_Data provided_
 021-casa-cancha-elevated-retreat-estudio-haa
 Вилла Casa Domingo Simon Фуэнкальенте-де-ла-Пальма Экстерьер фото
==
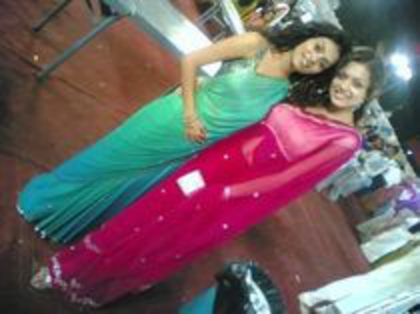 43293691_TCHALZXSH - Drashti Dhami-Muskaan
---
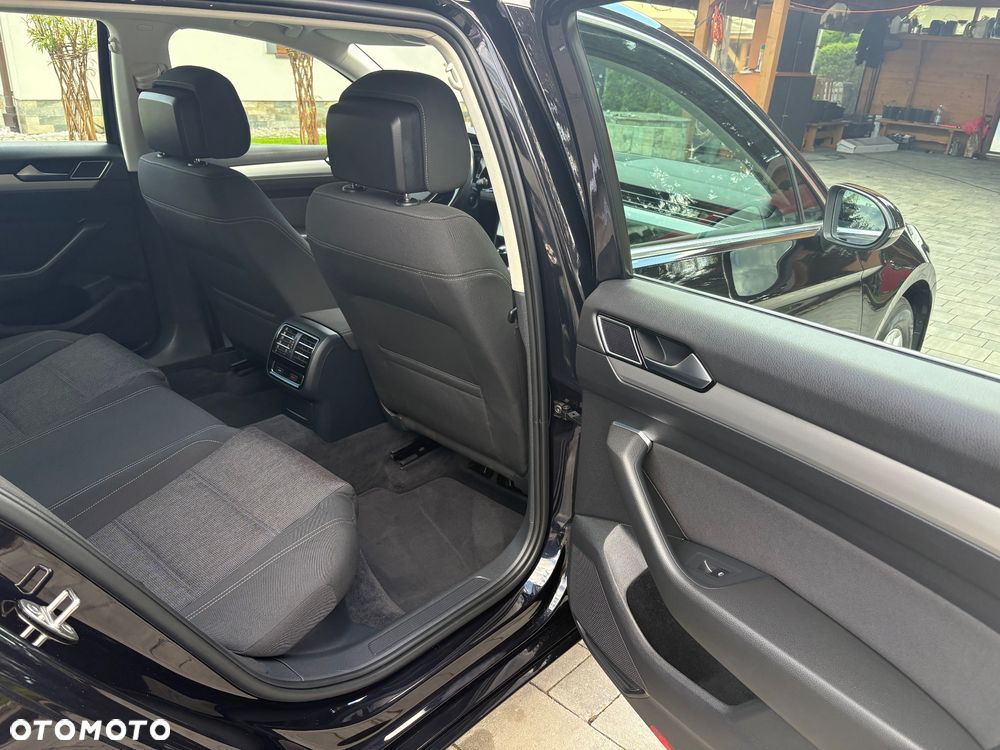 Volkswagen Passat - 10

_Exercise description_
Please give an exact copy of the entries above, from the line with "021-casa-cancha-elevated-retreat-estudio-haa" down to the line with "Вилла Casa Domingo", inclusive, and nothing else.

_Response_
 021-casa-cancha-elevated-retreat-estudio-haa
 Вилла Casa Domingo Simon Фуэнкальенте-де-ла-Пальма Экстерьер фото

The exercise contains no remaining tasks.